Each week a different Architect proposes a question, prompt, or theme to accompany our individual and collective research. Our theme for this week, offered by Kathy Couch: “What do we mean by ‘being in’?” When you’re in you’re in, when you’re out you’re in…but how might we understand/explain this state of being in? What are we asking/inviting people to step into?

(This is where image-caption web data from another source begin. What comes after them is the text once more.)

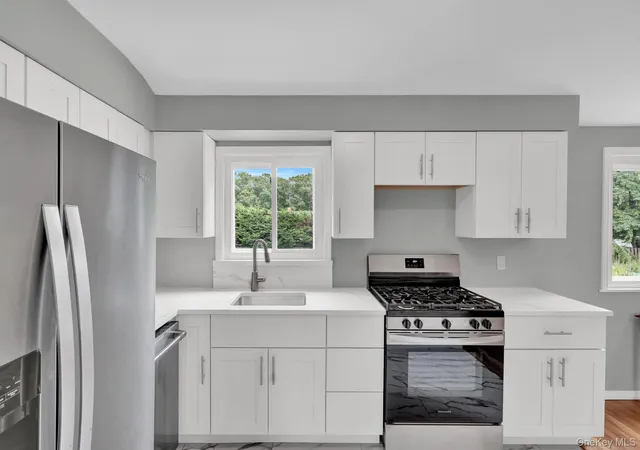 Photo 3 of Sale Pending at 727 Peter Paul Dr, Islip, NY 11795 | MLS# 1036883 | Listing updated on 2026-09-30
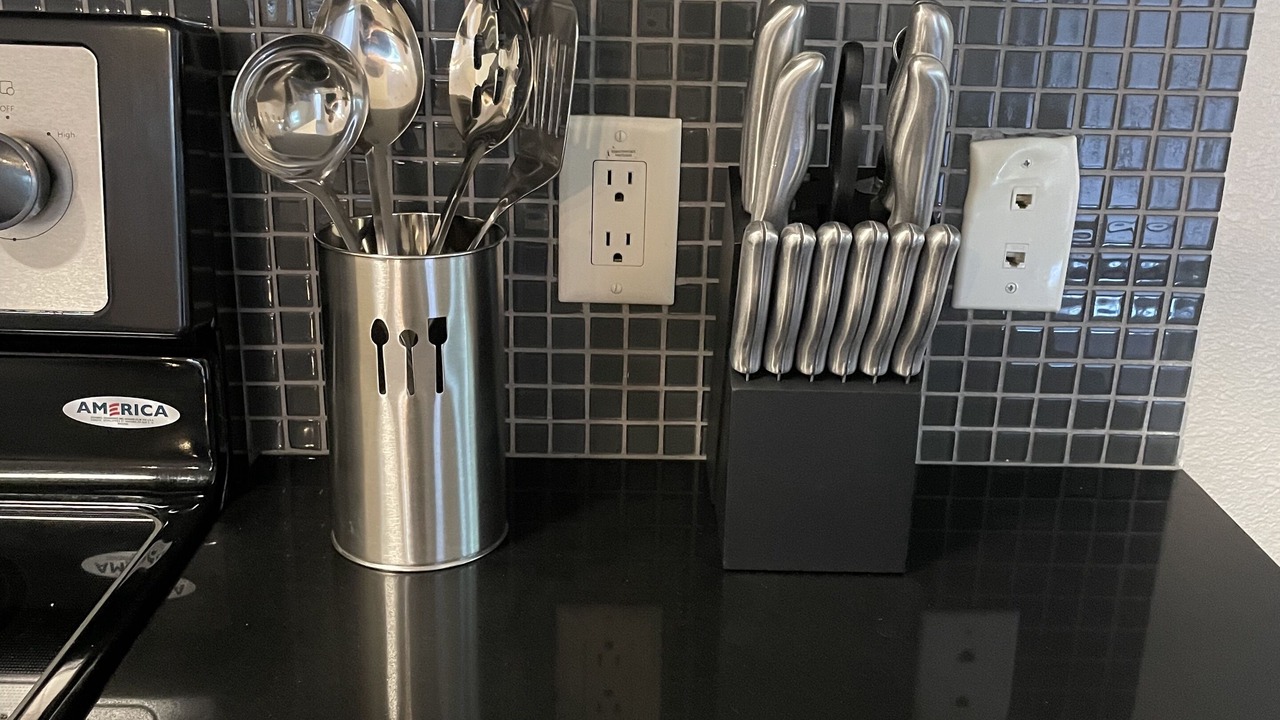 Photo of Kitchen in Mid-Wilshire
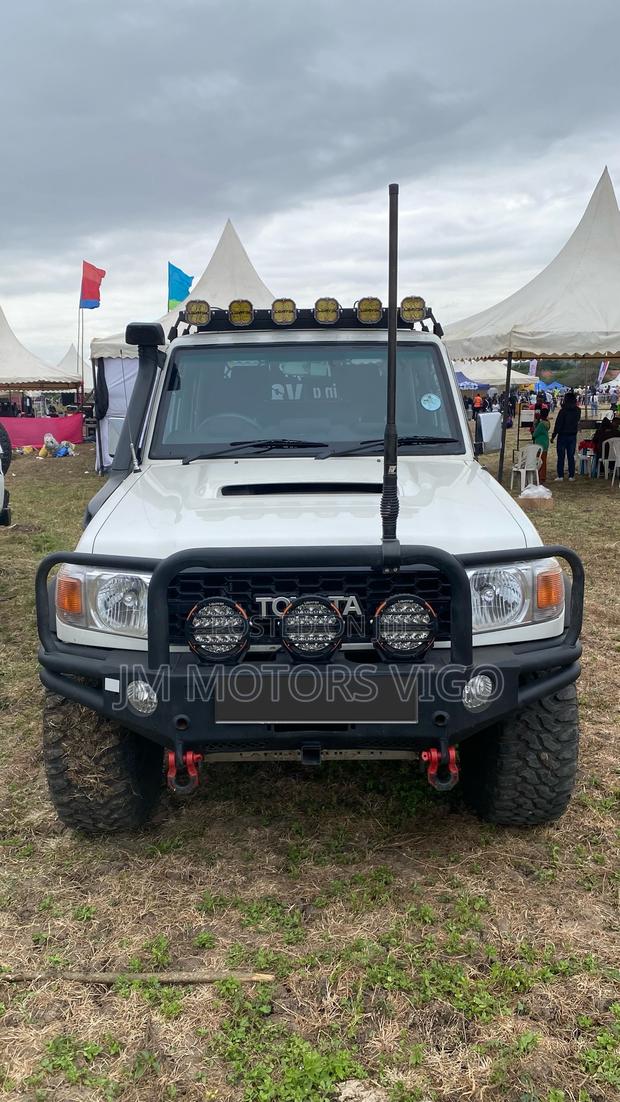 Toyota Land Cruiser 79 Series 2023 White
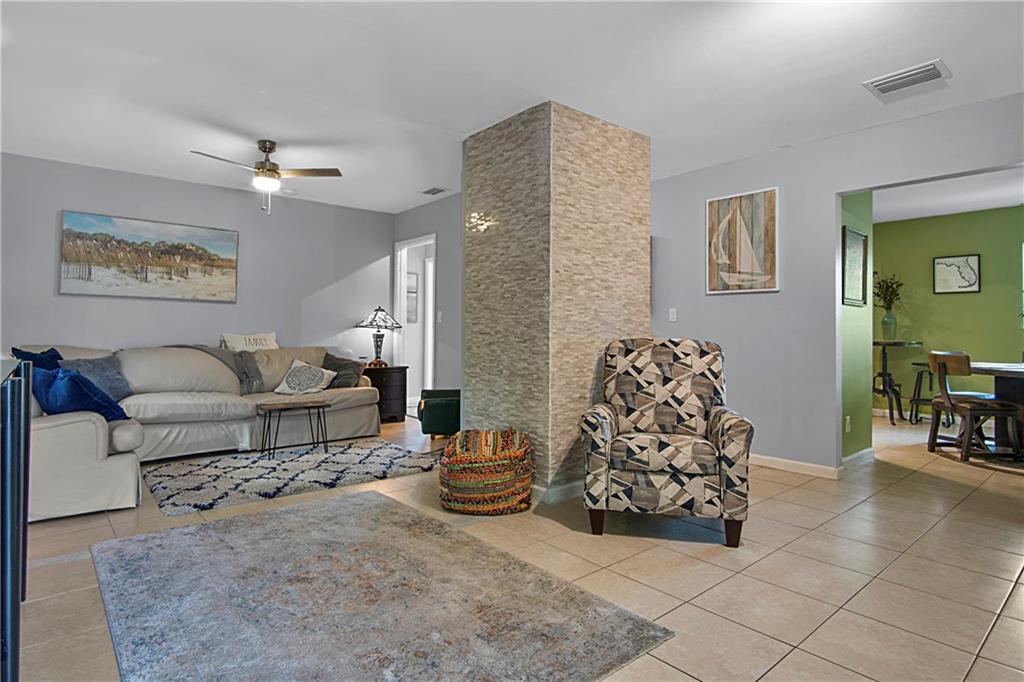 OAKLAND PARK 2ND ADD - Residential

You can read each Architect's response by clicking on their name.


Jennifer Kayle

What does it mean to be “in”? Here is something I ended up writing for a course in 2018. I had gone back to “the 4 rules” for help, for ideas, because I was in a terrible situation that semester. I wrote one of these blurbs for each of Angeles Arrien’s 4 archetypes in the Four Fold Way, and while I did share it with the class, I mostly did it for myself. Kathy’s prompt makes me think of this first archetype, the warrior, and the primary action associated with that figure: show up and choose to be present. I considered this inner “resource” through the conceit that this warrior might ask certain questions:


SHOW UP. Beyond just getting yourself through the door (also not easy on some days), what is “showing-up” as an artistic practice? What does it mean to be “present,” and is it a discipline? Do you really arrive, or just partially? Do you avoid or resist being where you are? Can you show up in public – face exposure, stand accountable? What takes you out, away, at a remove from yourself or from what you’re actually doing - your internal critic or an agenda that’s in conflict with what’s suddenly in front of you? What about being seen? We do almost everything in our art form with, and in front of, other people. Showing up and choosing to remain present over and over, in difficult circumstances… what would this yield over time? 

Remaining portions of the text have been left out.